WORK ITEM >> Print the records below exactly, from the line containing "android, honda announces" down to the line containing "Homemade Hormone Balance Serum", both lines included, and omit every picture.

EXTRACTED ENTRIES >>
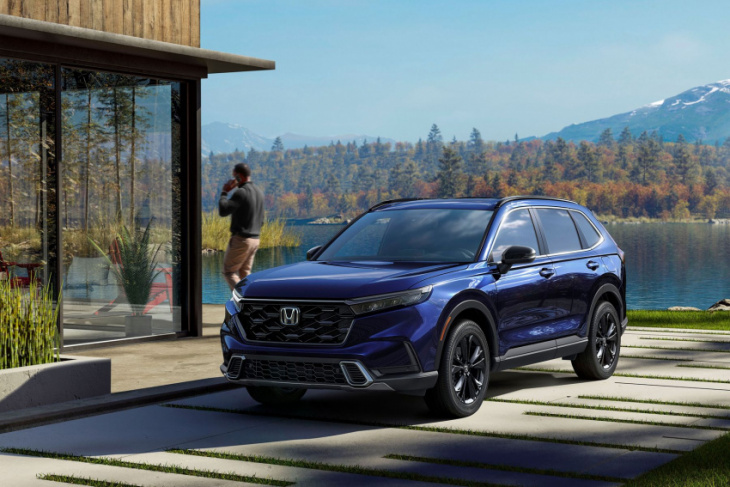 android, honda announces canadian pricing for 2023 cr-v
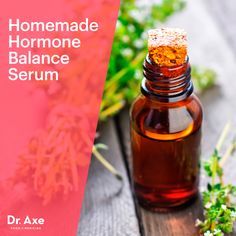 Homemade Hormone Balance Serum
==
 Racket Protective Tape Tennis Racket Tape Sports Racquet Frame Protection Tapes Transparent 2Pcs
...
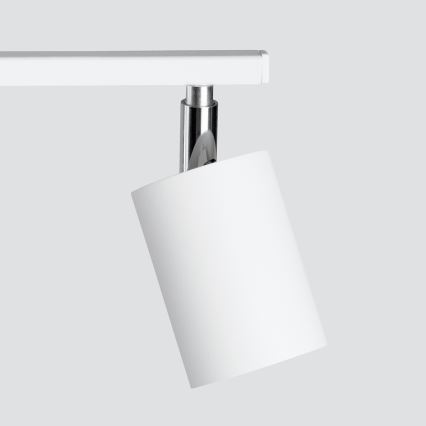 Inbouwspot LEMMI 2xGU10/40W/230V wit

EXERCISE ANSWER >>
 android, honda announces canadian pricing for 2023 cr-v
 Homemade Hormone Balance Serum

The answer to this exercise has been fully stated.